Exercise details: Word for word, copy out the entries below, but not the pictures in them.

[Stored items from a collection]
=== Begin Enclosure ===

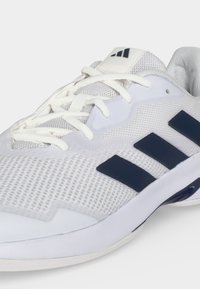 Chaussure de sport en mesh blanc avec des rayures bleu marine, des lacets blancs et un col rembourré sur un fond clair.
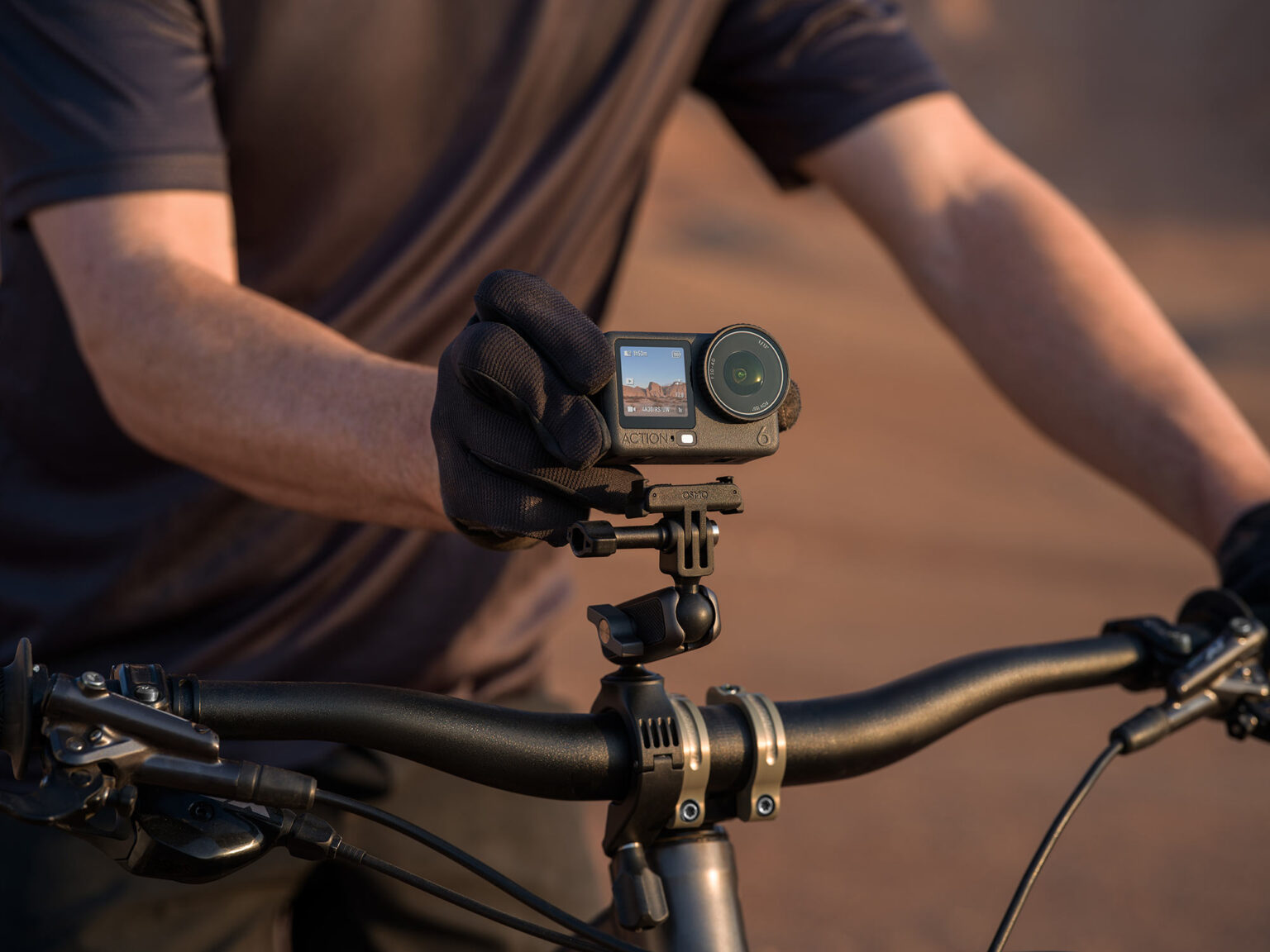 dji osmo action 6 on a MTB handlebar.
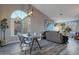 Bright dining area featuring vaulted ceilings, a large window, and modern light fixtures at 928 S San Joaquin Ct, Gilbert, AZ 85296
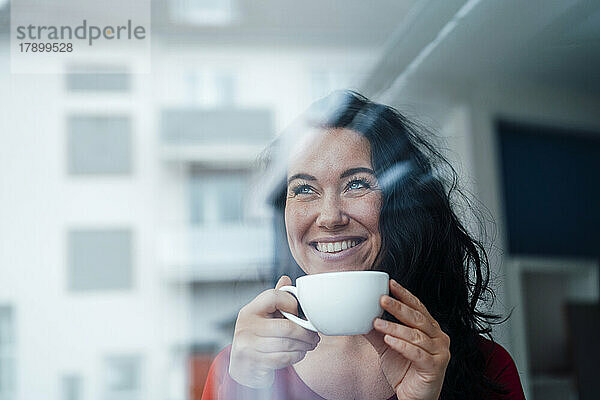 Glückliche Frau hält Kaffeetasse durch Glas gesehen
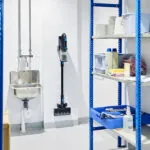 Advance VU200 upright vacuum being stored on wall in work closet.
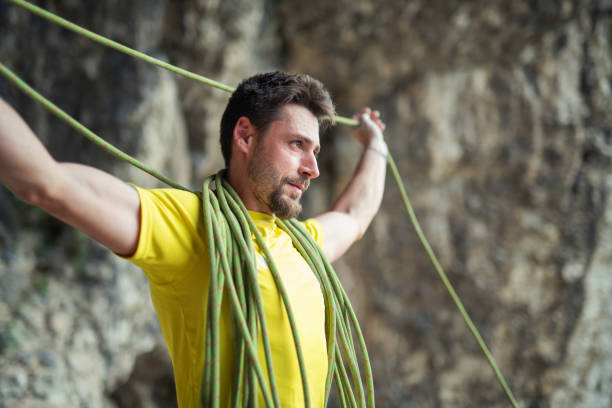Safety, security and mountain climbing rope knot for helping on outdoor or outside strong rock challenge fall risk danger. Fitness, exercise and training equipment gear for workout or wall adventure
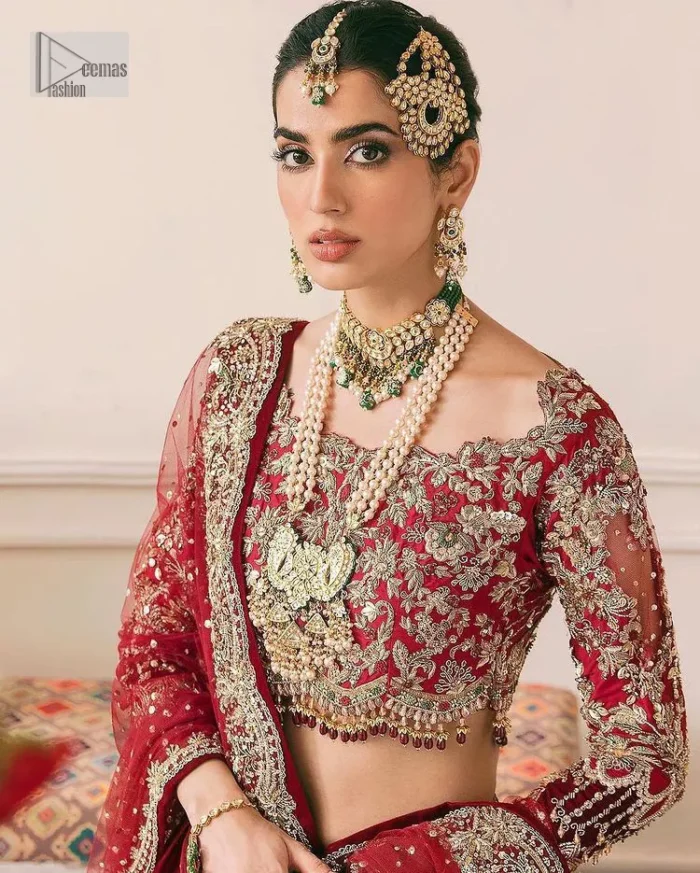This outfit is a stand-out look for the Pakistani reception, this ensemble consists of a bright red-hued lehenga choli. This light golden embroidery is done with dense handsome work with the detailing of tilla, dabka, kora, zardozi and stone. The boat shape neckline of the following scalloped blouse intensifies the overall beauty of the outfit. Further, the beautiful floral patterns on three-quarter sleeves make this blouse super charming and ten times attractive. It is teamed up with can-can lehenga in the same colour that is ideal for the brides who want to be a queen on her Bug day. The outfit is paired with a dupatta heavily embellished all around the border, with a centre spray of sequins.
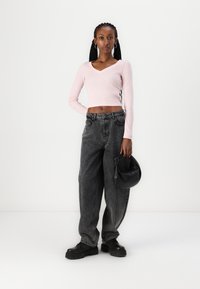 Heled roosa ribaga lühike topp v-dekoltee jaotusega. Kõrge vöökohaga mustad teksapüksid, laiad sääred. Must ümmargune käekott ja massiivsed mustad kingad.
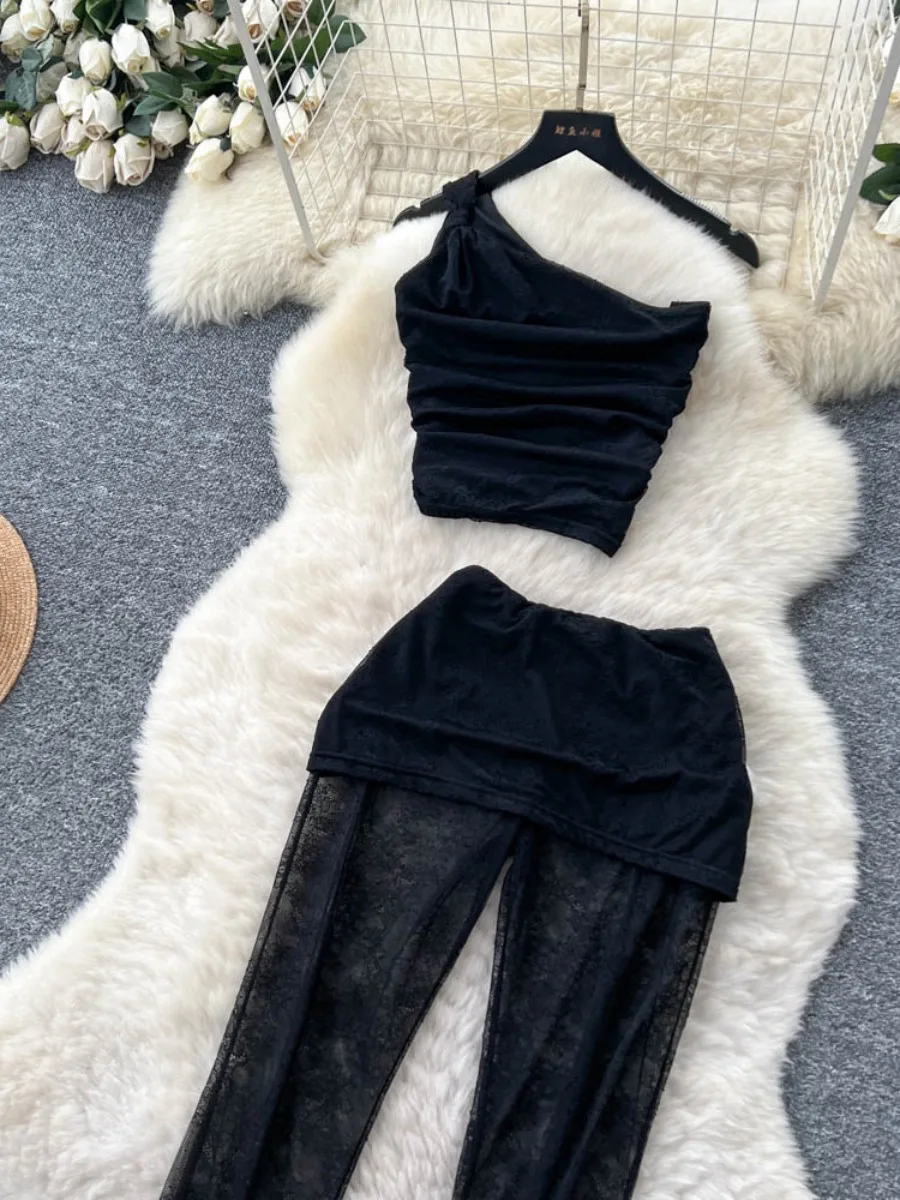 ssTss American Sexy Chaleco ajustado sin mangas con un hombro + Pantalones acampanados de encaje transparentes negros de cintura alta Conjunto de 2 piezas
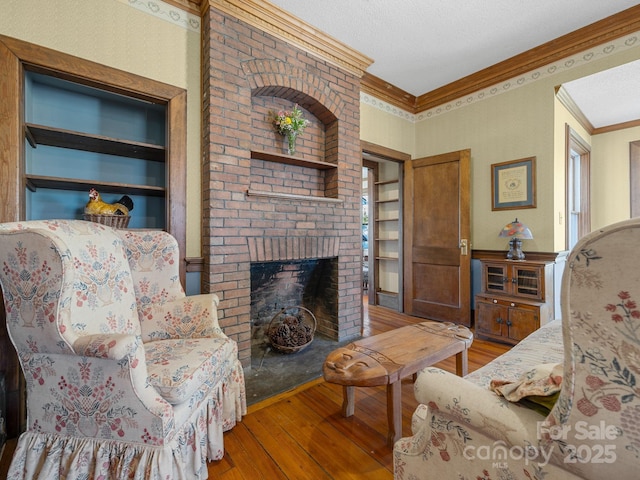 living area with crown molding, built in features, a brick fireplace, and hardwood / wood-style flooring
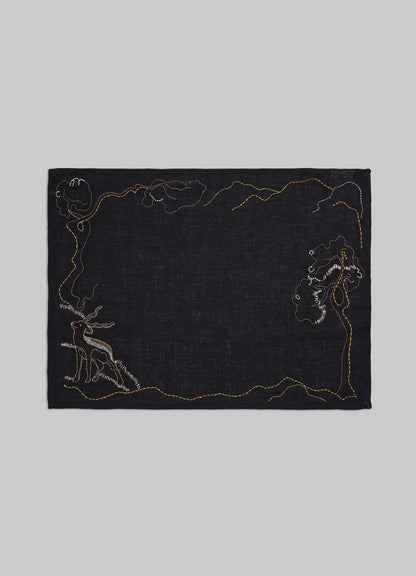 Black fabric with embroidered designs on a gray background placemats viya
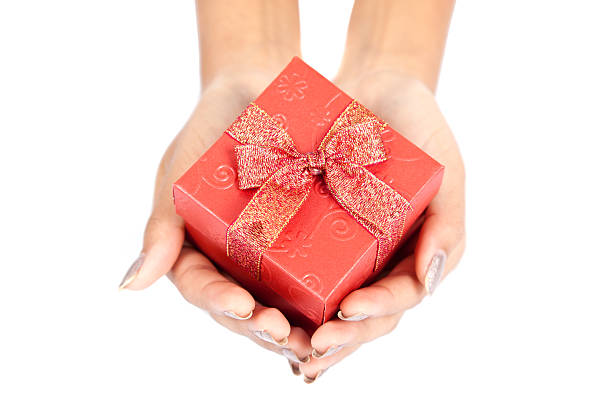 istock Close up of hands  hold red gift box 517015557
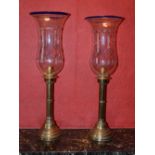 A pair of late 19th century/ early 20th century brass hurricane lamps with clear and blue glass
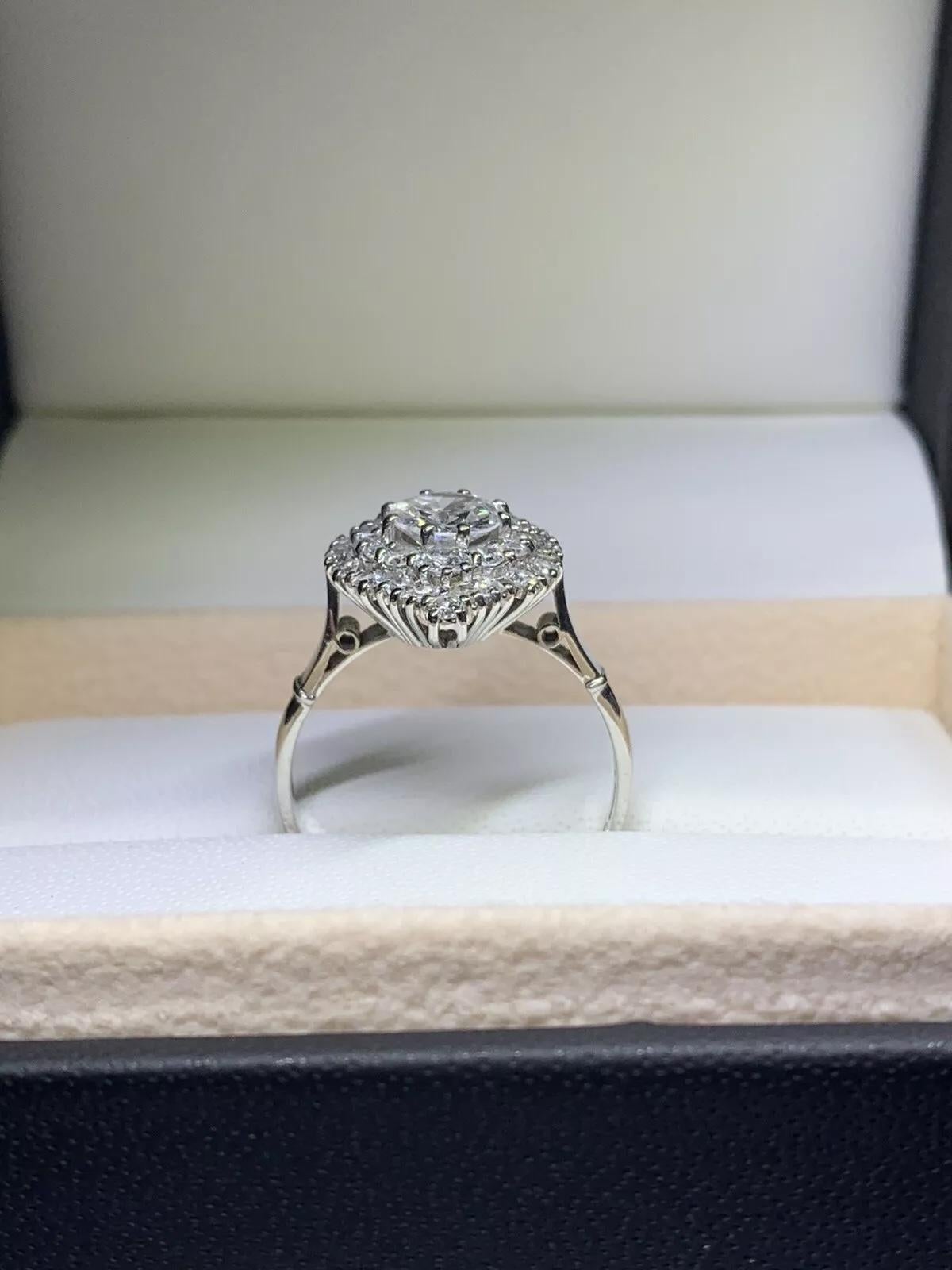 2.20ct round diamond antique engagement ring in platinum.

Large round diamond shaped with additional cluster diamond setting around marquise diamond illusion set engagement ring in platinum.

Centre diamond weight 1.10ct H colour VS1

=== End Enclosure ===

Solution to this problem:
 Chaussure de sport en mesh blanc avec des rayures bleu marine, des lacets blancs et un col rembourré sur un fond clair.
 dji osmo action 6 on a MTB handlebar.
 Bright dining area featuring vaulted ceilings, a large window, and modern light fixtures at 928 S San Joaquin Ct, Gilbert, AZ 85296
 Glückliche Frau hält Kaffeetasse durch Glas gesehen
 Advance VU200 upright vacuum being stored on wall in work closet.
Safety, security and mountain climbing rope knot for helping on outdoor or outside strong rock challenge fall risk danger. Fitness, exercise and training equipment gear for workout or wall adventure
This outfit is a stand-out look for the Pakistani reception, this ensemble consists of a bright red-hued lehenga choli. This light golden embroidery is done with dense handsome work with the detailing of tilla, dabka, kora, zardozi and stone. The boat shape neckline of the following scalloped blouse intensifies the overall beauty of the outfit. Further, the beautiful floral patterns on three-quarter sleeves make this blouse super charming and ten times attractive. It is teamed up with can-can lehenga in the same colour that is ideal for the brides who want to be a queen on her Bug day. The outfit is paired with a dupatta heavily embellished all around the border, with a centre spray of sequins.
 Heled roosa ribaga lühike topp v-dekoltee jaotusega. Kõrge vöökohaga mustad teksapüksid, laiad sääred. Must ümmargune käekott ja massiivsed mustad kingad.
 ssTss American Sexy Chaleco ajustado sin mangas con un hombro + Pantalones acampanados de encaje transparentes negros de cintura alta Conjunto de 2 piezas
 living area with crown molding, built in features, a brick fireplace, and hardwood / wood-style flooring
 Black fabric with embroidered designs on a gray background placemats viya
 istock Close up of hands  hold red gift box 517015557
 A pair of late 19th century/ early 20th century brass hurricane lamps with clear and blue glass
 2.20ct round diamond antique engagement ring in platinum.

Large round diamond shaped with additional cluster diamond setting around marquise diamond illusion set engagement ring in platinum.

Centre diamond weight 1.10ct H colour VS1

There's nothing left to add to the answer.